→ **Image-caption web data**:
------
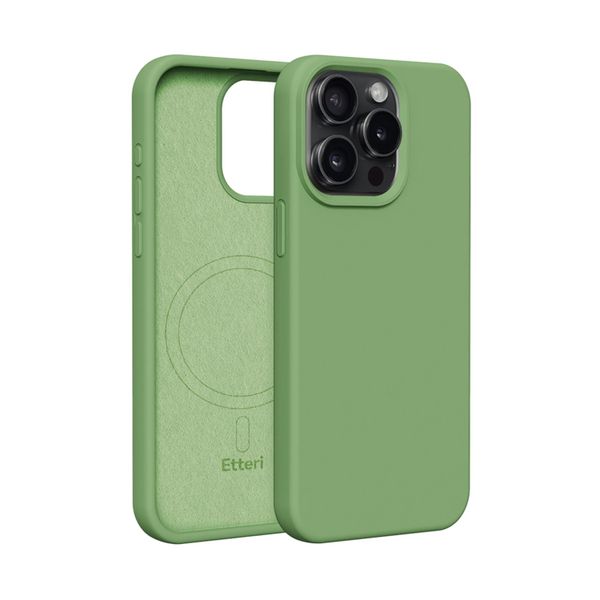 Etteri Silikónové Mag puzdro pre iPhone 15 Pro Max 6,7" svetlozelená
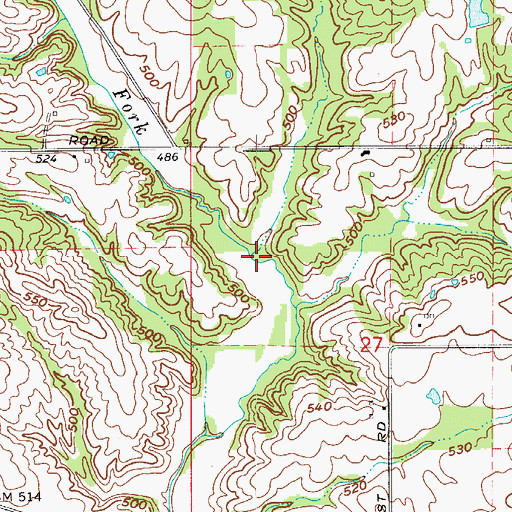 Topographic Map of East Fork Sugar Creek, IN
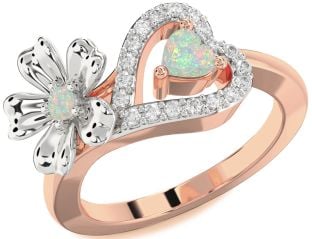 Diamond Emerald Platinum & Rose Gold Flower Heart Two Stone Birthstone Ring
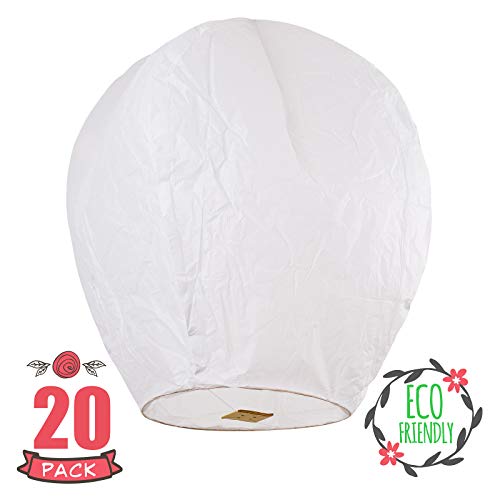 Sky High Fully assembled and Fully biodegradable Chinese lanterns, 20-pack, white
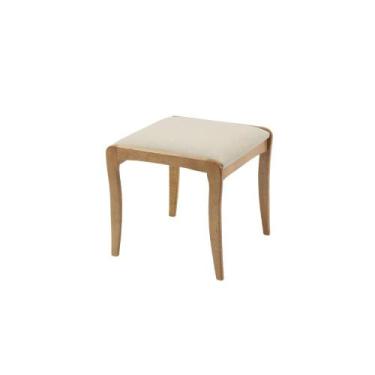 Imagem de Banqueta Estofado em Madeira Tauari 45 cm - Amêndoa - Linfer, Amêndoa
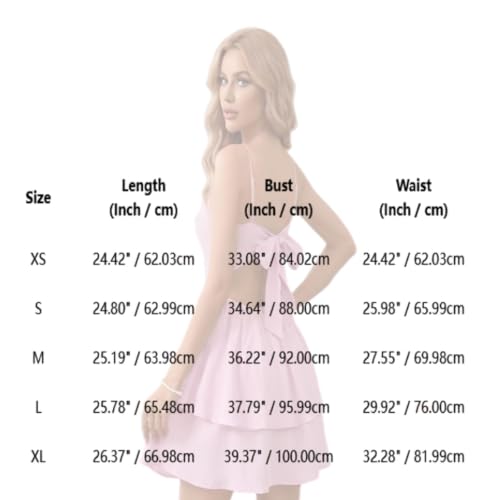 Image of Women's Spaghetti Strap Backless Bow Mini Dress Club Night Out Cocktail Dresses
------
→ **What the task asks**:
An acceptable answer holds exactly the lines from the one with "Imagem de Banqueta" through the end of the entries above, both ends kept, and no pictures at all.

→ **Solution to the exercise**:
 Imagem de Banqueta Estofado em Madeira Tauari 45 cm - Amêndoa - Linfer, Amêndoa
 Image of Women's Spaghetti Strap Backless Bow Mini Dress Club Night Out Cocktail Dresses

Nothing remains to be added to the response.